Working within Regimental Headquarters Royal Signals, based in Blandford Camp, Dorset, are the Royal Signals Benevolent Fund Grants Section and the Royal Signals Association Branches and Membership Section. The RSBF Grants Section assists signallers by way of grants of money or paying for items to reduce hardship and distress suffered by serving and former members of the Corps. Over £300,000 is allocated annually from this section. The Membership Section maintains records of all the 63 branches located throughout the country and their members, plus those of affiliated groups, which are linked to the Corps through unit history or location. Any person who served with the Corps, including Regular, TA, National Service, ATS and WRAC is eligible to join the association. Spouses are eligible to become Associate Members of the Association, through a branch.

===Branches===

There are 63 local branches which meet regularly and are all around the UK. Members may enjoy the company of fellow former Corps members and are kept informed of the latest happenings within the Association and Corps. They hold a variety of other activities, including annual dinners and outings.
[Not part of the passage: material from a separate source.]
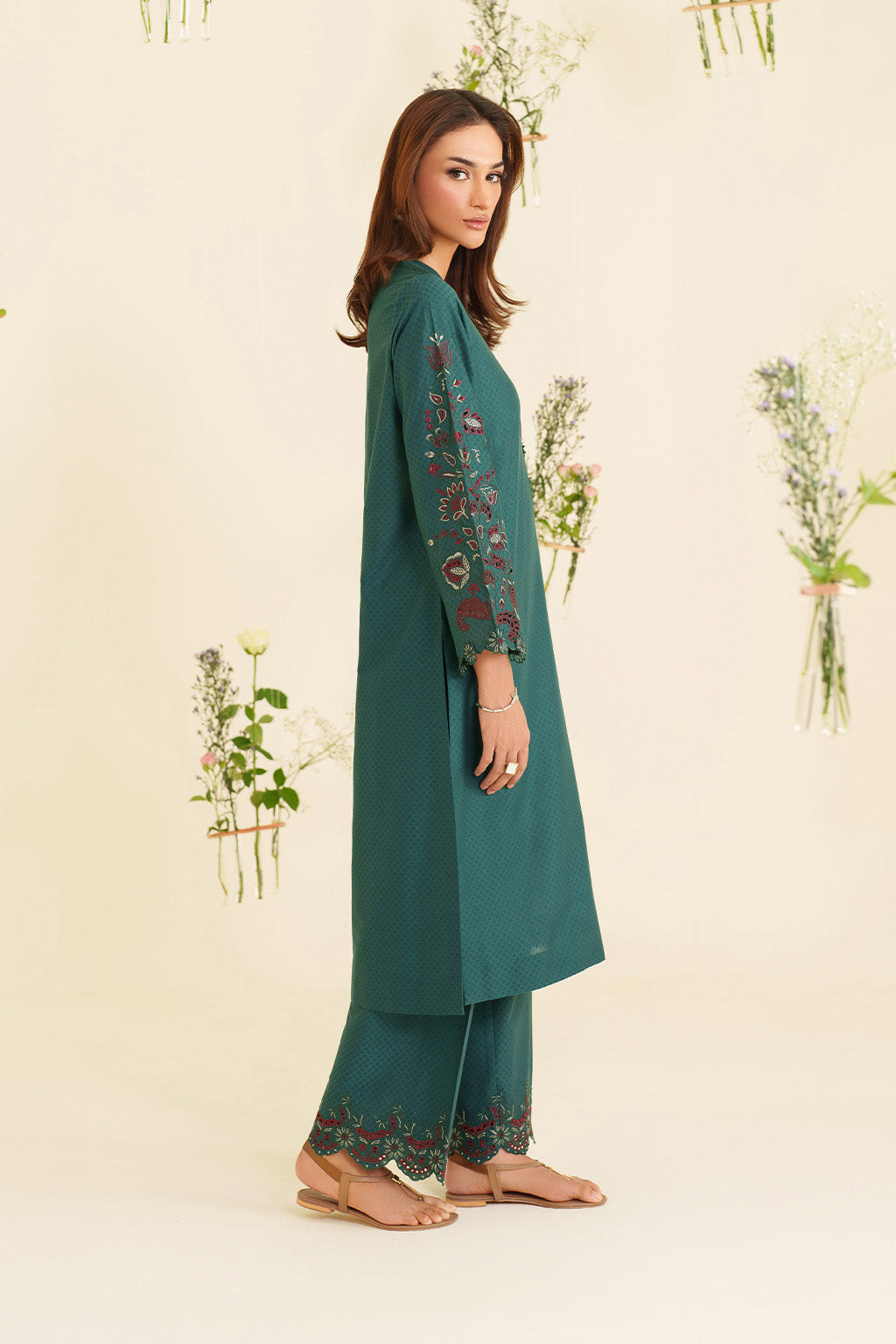 IP-323 Textured Lawn - Iznik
More than half the branches have their own standard, which is paraded at special events, both locally and nationally. Additionally, branches usually make an effort for their standard to be present at funerals of members. The association has divided the UK into 7 areas, each with its own Area Representative. Each branch is linked to the association's Central Committee by its Area Representative. The Committee meets twice a year, in spring and autumn, and is currently chaired by the Chairman of the Association. The day-to-day affairs are overseen by the General Secretary, who is also known as the Regimental Secretary to the Corps.